Stephen and Claudette Emond lived in a home on the Ottawa river that flooded in April 2019. Their home, declared a total loss, was located in the catchment area of the Mississippi Valley Conservation Authority (MVCA), which regulates development and activities in or adjacent to rivers, lakes, shorelines, hazardous lands, and wetlands.
The MVCA had changed its regulations for building homes in the area before a flood destroyed the Edmonds’ home. The Edmonds insisted their GRC home insurance policy included the additional costs to rebuild their home to comply with the MVCA’s updated regulations.
Related: GRC policy includes increased compliance costs for rebuild, court rules
Trillium Insurance sold the GRC policy to the Edmonds. It included an exclusion for “…increased costs of repair or replacement due to operation of any law regulating the zoning, demolition, repair or construction of buildings and their related services.”
A lower court judge found the term “any law” in the policy exclusion referred only to legal statutes. Therefore, it did not apply to MVCA “regulations” affecting the zoning, demolition, repair, or construction of newly constructed buildings.

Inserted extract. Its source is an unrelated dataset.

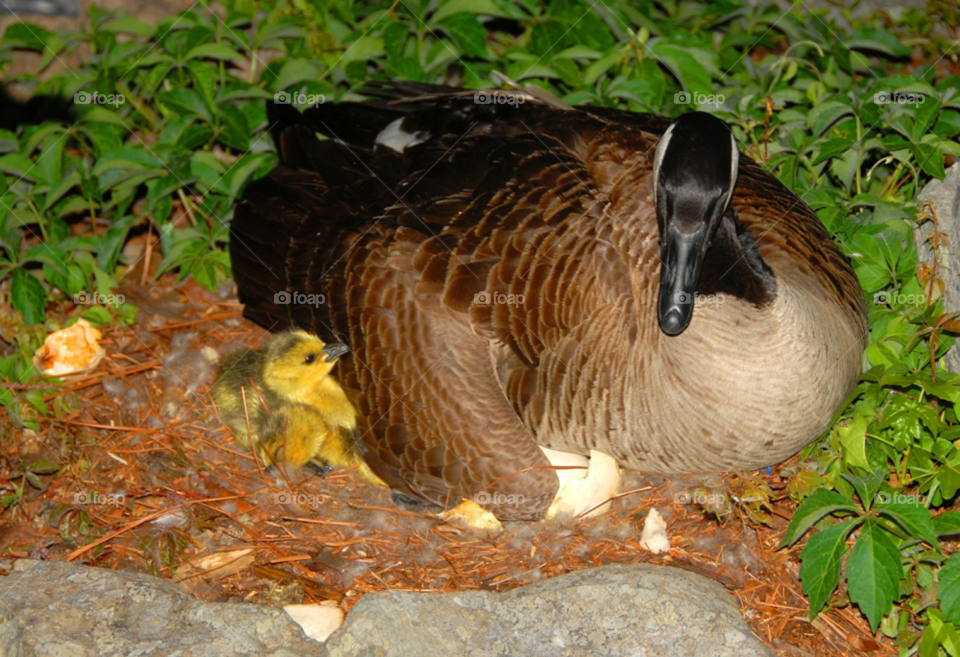 eggs goose hatching canada goose by lightanddrawing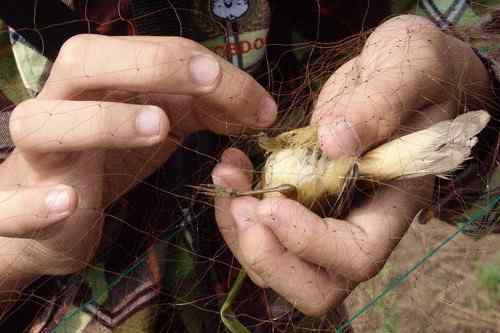 小小鸟人在行动 解救被困小鸟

Trillium appealed the ruling, telling the Appeal Court it would have a wide-reaching and detrimental effect on the insurance industry in Canada.
In a unanimous 3-0 decision, the Appeal Court agreed with Trillium that the phrase “any law” in its GRC policy exclusion included regulations. “The plain meaning of the word ‘law’….includes both legislation and rules of subordinate authority such as bylaws and regulations,” the appellate court ruled.
GRC policy exclusions for “additional costs” required to comply with updated building regulations are intended to prevent insurers from bearing the costs of replacing buildings without the same deficiencies that existed before the regulations were changed, the court found.
“In Roth v. Economical Mutual Insurance Company…the Alberta Court of Appeal considered whether an insurance policy covers costs associated with fixing pre-existing deficiencies discovered as a result of, but not caused by, an insured peril,” the Ontario Court of Appeal wrote. “Extending coverage in such cases would require that the insurer determine in each case whether the property complied with all relevant bylaws….
“Quite apart from the fact that this would be practically impossible in most cases, it would also effectively turn an insurer into a guarantor of construction defects and building code violations.”